The digitization of images and information from herbarium specimens is broadening their use and providing an important resource for phenotypic and phenological studies. As of spring 2020, one key repository, iDigBio, has over 19 million digitized specimens. High quality annotated images can be used to train machine learning algorithms to automate certain digital image-based tasks, saving time down the road. However, the initial annotation requires a high investment of person-hours, and is often done by volunteers. For this reason, it is important to find the easiest and most efficient ways of allowing the volunteers to complete their tasks.
In a new article published in Applications in Plant Sciences’ Machine Learning in Plant Biology special issue, lead author Laura Brenskelle and colleagues used a high quality, pre-annotated data set containing 3000 species each of either Prunus or Acer specimens to test volunteers’ annotation accuracy of phenological traits under two different conditions.
In the first, scorers appeared in-person and were given a 15 minute training session as well as a handbook with illustrations and examples. In the second, scorers used the online platform Notes from Nature and were given the instructional handbook with no additional training. In the second setting, a specimen required three annotations and was allotted to the annotation agreed upon by two scorers. The authors then investigated the influence of such factors as the traits and taxa being scored, as well as the botanical expertise, academic career level, and speed of the individual scorers.

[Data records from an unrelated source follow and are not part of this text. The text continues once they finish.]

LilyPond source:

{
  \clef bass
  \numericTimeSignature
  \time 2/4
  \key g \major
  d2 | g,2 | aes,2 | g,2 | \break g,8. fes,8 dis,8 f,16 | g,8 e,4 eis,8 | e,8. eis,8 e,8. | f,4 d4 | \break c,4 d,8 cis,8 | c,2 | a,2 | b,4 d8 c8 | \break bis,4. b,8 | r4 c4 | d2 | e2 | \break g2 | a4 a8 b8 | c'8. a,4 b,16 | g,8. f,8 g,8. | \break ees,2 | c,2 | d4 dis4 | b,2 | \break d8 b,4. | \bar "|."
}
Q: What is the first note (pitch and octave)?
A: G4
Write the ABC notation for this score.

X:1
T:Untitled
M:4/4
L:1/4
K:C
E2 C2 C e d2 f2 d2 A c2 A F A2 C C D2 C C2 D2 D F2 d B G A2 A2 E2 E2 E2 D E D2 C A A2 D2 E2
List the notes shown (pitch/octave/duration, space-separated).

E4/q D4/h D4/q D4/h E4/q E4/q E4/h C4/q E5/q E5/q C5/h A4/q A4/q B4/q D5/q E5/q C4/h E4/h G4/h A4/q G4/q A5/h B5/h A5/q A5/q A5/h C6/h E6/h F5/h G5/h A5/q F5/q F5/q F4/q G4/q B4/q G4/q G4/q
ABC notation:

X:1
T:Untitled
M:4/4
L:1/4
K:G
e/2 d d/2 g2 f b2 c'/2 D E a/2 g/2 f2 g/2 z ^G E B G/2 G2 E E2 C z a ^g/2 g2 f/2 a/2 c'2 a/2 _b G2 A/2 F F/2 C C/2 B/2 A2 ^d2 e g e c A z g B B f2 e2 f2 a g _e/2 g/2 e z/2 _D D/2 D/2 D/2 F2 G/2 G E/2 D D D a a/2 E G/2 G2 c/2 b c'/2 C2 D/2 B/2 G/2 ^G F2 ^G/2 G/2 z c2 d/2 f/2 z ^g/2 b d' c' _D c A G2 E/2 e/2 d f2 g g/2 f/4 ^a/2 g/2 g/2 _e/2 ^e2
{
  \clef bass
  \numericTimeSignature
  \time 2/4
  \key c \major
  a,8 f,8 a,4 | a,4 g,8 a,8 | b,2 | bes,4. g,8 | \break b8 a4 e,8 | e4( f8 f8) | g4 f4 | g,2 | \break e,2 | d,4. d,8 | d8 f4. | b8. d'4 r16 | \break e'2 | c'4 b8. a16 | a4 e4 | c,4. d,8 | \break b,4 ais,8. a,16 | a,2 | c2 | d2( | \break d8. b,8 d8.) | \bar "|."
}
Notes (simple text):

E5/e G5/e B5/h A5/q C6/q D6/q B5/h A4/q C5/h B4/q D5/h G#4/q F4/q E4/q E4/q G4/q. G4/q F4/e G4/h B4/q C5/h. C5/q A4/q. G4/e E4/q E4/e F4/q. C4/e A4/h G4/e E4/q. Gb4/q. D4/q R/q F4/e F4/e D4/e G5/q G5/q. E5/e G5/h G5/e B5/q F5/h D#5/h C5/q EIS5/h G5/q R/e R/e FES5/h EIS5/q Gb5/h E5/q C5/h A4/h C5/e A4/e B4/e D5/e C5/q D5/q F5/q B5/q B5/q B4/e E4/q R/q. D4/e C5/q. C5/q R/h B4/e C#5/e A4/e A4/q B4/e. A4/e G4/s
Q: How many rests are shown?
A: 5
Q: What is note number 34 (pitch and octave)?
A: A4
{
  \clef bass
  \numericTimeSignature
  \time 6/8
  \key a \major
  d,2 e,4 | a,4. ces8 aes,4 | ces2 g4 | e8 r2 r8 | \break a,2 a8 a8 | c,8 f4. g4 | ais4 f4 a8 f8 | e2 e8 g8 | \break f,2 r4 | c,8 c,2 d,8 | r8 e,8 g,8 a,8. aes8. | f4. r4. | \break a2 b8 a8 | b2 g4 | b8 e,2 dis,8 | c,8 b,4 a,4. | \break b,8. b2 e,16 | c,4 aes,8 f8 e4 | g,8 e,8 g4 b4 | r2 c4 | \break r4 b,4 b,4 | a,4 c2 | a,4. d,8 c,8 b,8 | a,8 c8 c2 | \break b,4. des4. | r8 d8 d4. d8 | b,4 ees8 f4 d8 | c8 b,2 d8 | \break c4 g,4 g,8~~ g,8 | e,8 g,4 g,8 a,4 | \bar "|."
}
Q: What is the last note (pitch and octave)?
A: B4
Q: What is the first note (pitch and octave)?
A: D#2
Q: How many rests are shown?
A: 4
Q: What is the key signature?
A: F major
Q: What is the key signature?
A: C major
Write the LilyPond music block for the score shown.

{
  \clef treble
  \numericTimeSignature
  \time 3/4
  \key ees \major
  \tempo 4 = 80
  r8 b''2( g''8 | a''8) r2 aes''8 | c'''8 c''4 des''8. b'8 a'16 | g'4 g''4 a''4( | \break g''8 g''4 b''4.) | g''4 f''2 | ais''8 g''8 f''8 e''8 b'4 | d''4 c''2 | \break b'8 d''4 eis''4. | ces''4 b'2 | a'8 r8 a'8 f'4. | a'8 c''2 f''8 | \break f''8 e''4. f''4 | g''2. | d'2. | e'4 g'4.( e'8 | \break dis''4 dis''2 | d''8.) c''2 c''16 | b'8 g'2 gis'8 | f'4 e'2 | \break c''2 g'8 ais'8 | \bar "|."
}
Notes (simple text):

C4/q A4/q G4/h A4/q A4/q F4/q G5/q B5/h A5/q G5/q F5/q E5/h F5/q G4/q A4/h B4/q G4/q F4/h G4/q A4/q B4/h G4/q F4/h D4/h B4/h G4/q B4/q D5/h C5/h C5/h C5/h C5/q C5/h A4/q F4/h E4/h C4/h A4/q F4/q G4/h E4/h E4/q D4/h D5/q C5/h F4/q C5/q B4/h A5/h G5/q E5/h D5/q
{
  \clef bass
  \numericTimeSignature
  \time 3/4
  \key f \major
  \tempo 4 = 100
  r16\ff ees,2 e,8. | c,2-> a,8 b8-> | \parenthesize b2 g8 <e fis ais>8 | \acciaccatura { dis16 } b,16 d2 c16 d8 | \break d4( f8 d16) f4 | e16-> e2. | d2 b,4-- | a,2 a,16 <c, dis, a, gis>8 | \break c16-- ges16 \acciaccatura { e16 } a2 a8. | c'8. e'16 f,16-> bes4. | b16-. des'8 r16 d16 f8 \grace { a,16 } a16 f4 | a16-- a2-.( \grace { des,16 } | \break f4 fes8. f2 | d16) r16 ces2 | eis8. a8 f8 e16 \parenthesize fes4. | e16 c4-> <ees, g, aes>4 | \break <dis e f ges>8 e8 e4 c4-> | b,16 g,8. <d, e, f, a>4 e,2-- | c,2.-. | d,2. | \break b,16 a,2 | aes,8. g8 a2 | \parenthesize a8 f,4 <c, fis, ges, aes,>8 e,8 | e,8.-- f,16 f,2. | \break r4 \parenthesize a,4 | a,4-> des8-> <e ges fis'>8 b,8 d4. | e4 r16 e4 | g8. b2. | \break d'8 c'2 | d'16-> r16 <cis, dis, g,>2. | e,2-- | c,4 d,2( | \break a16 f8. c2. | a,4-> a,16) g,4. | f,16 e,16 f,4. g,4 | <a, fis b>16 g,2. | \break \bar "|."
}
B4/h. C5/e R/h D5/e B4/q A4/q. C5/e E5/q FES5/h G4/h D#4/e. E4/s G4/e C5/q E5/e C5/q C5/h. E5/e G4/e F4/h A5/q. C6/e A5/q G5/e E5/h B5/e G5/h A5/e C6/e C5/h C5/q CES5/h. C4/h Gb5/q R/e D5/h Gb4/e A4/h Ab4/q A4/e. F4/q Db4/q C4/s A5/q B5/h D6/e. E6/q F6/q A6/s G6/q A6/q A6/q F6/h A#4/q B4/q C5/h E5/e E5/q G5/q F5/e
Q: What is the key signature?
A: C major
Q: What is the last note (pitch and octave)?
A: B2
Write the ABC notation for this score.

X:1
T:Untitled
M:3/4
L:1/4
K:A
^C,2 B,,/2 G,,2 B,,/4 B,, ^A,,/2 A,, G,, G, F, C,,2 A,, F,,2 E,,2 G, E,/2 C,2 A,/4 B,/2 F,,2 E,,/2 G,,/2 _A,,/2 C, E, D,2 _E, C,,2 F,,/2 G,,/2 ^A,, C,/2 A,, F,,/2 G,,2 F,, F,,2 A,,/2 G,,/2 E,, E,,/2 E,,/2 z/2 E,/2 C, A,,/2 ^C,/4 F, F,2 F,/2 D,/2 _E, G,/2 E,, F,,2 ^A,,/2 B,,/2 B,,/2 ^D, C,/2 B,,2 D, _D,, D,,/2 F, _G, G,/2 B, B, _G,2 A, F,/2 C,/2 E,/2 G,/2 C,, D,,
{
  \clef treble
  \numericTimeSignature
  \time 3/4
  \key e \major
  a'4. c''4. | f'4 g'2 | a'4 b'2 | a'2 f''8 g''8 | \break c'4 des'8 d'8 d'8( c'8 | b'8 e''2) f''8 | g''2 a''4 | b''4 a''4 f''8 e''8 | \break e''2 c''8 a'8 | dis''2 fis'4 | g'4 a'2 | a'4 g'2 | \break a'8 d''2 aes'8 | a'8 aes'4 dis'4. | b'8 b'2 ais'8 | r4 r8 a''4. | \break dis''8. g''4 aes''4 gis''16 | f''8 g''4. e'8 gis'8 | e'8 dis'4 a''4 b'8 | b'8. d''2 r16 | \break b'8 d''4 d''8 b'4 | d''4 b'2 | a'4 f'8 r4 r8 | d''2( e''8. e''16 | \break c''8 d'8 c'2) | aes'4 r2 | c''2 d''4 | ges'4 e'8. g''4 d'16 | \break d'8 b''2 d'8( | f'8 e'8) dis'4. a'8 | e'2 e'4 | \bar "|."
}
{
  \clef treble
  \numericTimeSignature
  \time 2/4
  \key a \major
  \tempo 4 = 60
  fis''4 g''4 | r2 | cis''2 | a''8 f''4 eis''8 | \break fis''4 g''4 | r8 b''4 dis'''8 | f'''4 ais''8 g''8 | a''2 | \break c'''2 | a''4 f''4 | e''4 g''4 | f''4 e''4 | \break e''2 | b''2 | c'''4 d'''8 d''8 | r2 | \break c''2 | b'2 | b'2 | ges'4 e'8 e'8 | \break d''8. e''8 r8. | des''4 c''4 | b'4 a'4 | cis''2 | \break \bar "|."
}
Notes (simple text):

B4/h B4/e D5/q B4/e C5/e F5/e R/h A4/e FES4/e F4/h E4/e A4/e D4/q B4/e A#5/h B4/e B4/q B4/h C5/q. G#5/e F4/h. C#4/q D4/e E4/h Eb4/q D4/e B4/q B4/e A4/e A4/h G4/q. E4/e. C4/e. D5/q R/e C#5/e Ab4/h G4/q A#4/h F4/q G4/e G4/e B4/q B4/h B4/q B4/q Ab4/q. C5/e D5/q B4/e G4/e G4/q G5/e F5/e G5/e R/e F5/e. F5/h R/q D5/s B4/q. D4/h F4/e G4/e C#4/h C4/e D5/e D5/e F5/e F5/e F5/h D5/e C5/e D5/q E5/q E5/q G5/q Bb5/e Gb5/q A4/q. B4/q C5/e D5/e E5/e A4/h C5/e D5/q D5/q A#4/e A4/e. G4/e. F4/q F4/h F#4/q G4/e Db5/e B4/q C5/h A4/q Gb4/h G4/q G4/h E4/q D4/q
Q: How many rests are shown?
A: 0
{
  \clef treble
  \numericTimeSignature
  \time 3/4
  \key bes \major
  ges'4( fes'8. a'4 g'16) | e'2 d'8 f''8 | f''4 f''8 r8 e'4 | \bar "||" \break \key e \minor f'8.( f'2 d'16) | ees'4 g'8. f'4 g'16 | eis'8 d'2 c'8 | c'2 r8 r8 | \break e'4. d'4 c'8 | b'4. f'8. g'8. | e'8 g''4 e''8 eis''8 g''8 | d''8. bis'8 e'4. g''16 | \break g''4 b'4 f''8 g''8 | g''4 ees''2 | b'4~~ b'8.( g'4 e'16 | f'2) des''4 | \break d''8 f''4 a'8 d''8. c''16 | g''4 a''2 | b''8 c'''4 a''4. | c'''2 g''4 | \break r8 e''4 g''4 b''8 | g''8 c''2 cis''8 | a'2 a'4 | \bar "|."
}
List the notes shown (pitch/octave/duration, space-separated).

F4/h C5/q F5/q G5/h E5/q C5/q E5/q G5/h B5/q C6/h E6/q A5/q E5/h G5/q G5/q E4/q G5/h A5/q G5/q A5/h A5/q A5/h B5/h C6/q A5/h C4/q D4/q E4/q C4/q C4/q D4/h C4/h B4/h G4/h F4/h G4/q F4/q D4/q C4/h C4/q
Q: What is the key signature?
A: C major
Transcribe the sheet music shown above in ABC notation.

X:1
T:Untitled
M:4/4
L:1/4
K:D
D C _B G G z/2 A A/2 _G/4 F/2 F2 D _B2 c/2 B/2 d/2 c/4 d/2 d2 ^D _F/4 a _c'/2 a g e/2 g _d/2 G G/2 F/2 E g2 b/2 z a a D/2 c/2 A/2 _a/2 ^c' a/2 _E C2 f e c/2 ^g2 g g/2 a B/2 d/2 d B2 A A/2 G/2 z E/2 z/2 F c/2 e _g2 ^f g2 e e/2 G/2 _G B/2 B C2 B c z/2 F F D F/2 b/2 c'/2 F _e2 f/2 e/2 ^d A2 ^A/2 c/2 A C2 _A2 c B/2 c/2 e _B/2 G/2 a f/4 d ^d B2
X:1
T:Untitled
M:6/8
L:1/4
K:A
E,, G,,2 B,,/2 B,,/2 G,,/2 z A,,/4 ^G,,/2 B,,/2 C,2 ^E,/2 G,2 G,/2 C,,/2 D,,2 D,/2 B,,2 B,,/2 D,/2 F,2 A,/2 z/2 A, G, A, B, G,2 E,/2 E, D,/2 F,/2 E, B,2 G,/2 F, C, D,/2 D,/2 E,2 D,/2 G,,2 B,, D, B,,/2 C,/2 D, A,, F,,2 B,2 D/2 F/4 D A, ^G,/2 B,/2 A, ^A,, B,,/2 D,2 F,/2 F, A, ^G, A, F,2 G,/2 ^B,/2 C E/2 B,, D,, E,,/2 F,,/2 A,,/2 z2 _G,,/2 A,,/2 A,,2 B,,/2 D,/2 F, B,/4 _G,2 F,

Surprisingly, the results showed that botanical expertise, career level, and speed were not important factors in the scorers’ accuracy. Instead, accuracy was governed by the traits and taxa being scored, whether the person scored in-person or online, and the individual themselves… some people were just more accurate regardless of other factors. Overall, those appearing in person were significantly more accurate, though both groups did reasonably well. “We think there are two main factors that may have contributed to the slight lag in online annotation accuracy – training and image quality,” explains Brenskelle, who emphasizes comprehensive training booklets and the ability to zoom in on the details of an image. She also notes that triplicate scoring improved online accuracy by three percent. “This is another way to improve online annotation accuracy, though it does require three times the amount of completed annotations.”
Though the traits being scored in this study were straightforward, Brenskelle is confident that volunteers can be effectively trained for more complex annotation tasks. “[T]he traits in this study were relatively simple presence/absence annotations. There are countless more complex annotation tasks I can imagine researchers would be interested in, especially for plant phenology. I do think, with proper volunteer training, our general approach would work for more complex traits,” she says. “I think the biggest challenge you would run into with more complex traits would be having images that show an appropriate level of detail for the things you’re asking volunteers to score. Aside from that challenge, I think if you developed training handbooks with visual examples, that would enable volunteers to score more complex traits.”